Concessioni balneari, allarme dei gestori sardi per la riforma Draghi approvata dal governo

Stop al regime di proroga per le concessioni balneari, così come deciso alcuni mesi fa dal Consiglio di Stato. Dal 1° gennaio 2024 saranno assegnate tramite evidenza pubblica, ma tutelando gli investimenti fatti finora e allo stesso tempo favorendo chi proporrà nuovi investimenti legati alla qualità dei servizi e anche al contenimento dei prezzi. Così ha deciso ieri all’unanimità il Consiglio dei ministri, approvando un emendamento al Dl Concorrenza e un disegno di legge che prevede una delega al governo per l’adozione, entro sei mesi, di uno o più decreti legislativi per semplificare la disciplina sulle concessioni demaniali per finalità turistico-ricreative.

La scelta di portare in Cdm la riforma delle spiagge è arrivata quasi a sorpresa e mentre Fdi si è scagliata contro quello che Giorgia Meloni ha definito il primo “atto di esproprio” per 30mila imprese italiane, le associazioni di categoria sono in allarme e minacciano barricate se il testo non verrà modificato in Parlamento.

Così in Sardegna tremano i titolari delle 1.200 concessioni balneari presenti lungo i 1.897 chilometri di coste – l’Isola è la Regione italiana con il maggiore sviluppo costiero. “Non siamo contenti – spiega Claudio Maurelli, presidente di Federbalneari Sardegna a Sardinia Post – stiamo sensibilizzando tutti i parlamentari sardi per la presentazione di un emendamento che modifichi il testo della bozza approvata dal governo”. In particolare, secondo Federbalneari, serve prima di tutto la mappatura di tutte le concessioni sarde, che avrebbero delle specificità rispetto a quelle delle altre regioni italiane: “Intanto sono concessioni piccole, con una grandezza media di 600 metri quadrati: più della metà arrivano a 200 metri quadrati, le restanti variano tra i 500 e i 2.000, e soltanto il 2 per cento è composto da concessioni pertinenziali, con strutture non amovibili”, sottolinea Maurelli. Inoltre si tratta di bassi fatturati e la norma inserita dal governo che lega le concessioni agli investimenti in Sardegna è problematica.

Federbalneari, in accordo con la Regione, punta intanto alla realizzazione di una mappatura di tutte le concessioni, anche quelle che riguardano mari e fiumi, per poi valutare il da farsi.

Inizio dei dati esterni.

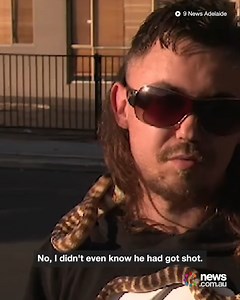 7.1K views · 29 reactions | Is the most Aussie interview ever? Mullet? Check. Pet snake? Check. | News.com.au | Facebook
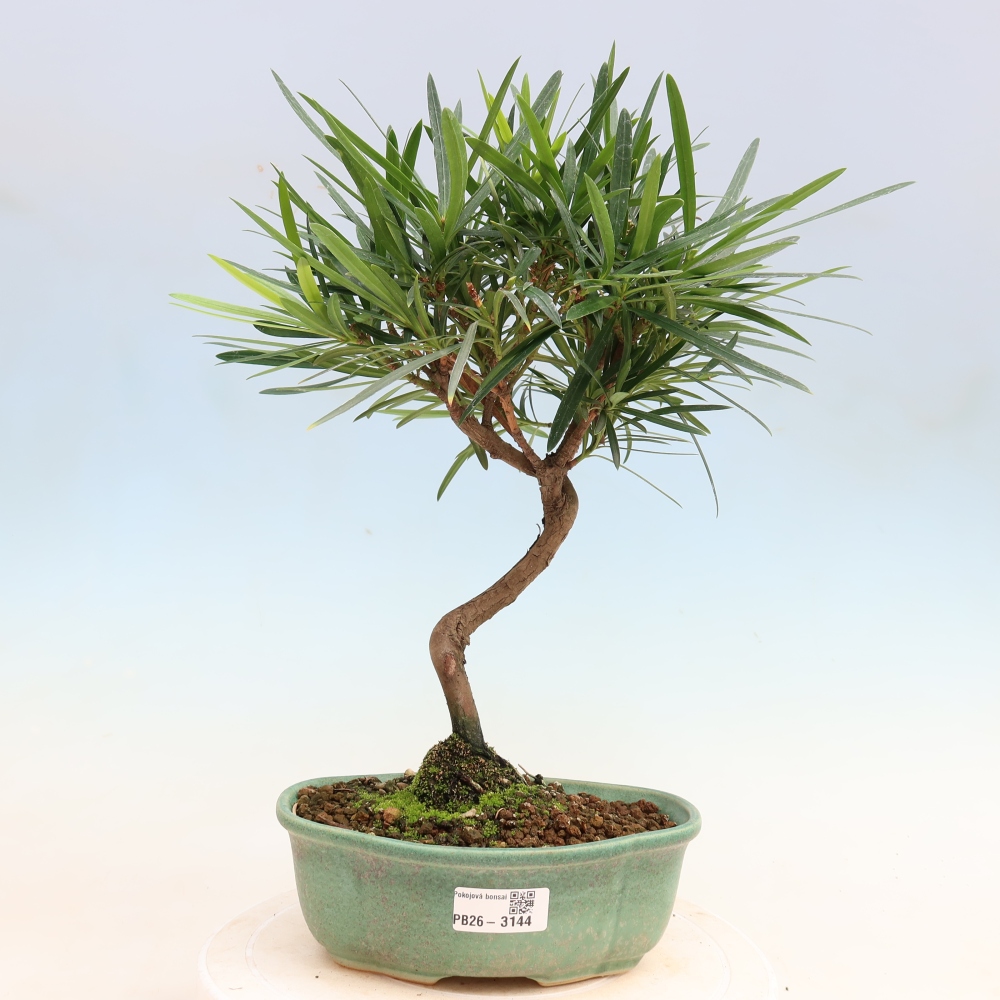 Pokojová bonsai - Podocarpus - Kamenný tis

Le associazioni sono in costante contatto in queste ore con l’assessore regionale degli Enti locali Quirico Sanna che segue l’evoluzione della situazione, ma alcuni non perdono le speranze di veder modificato nel passaggio parlamentare il testo.

“Siamo ancora alla fase della proposta e abbiamo una bozza di riforma, ora si apriranno i tavoli, soprattutto quello tra Stato e Regioni, per discutere delle singole misure”, sottolinea Claudio Del Giudice, presidente del Sia, Sindacato dei balneari. “La direttiva Bolkestein (da cui sono partite le procedure di infrazione e sono scaturite le sentenze della Cassazione ndr) è un’aberrazione, il nostro settore non doveva essere nemmeno inserito”, aggiunge. Il Sib non boccia la procedura di evidenza pubblica, “ma ci devono essere delle premialità per chi ha investito e ogni giorno si occupa della pulizia e della bonifica delle spiagge, servizi che non vengono mai tenuti in considerazione quando si parla di noi gestori – sottolinea Del Giudice – oltre che un tempo congruo al rientro degli investimenti, si pensi che in Spagna e Portogallo le concessioni durano 75 anni per le leggi che gli Stati hanno fatto a tutela delle imprese e che l’Italia invece non ha mai fatto”.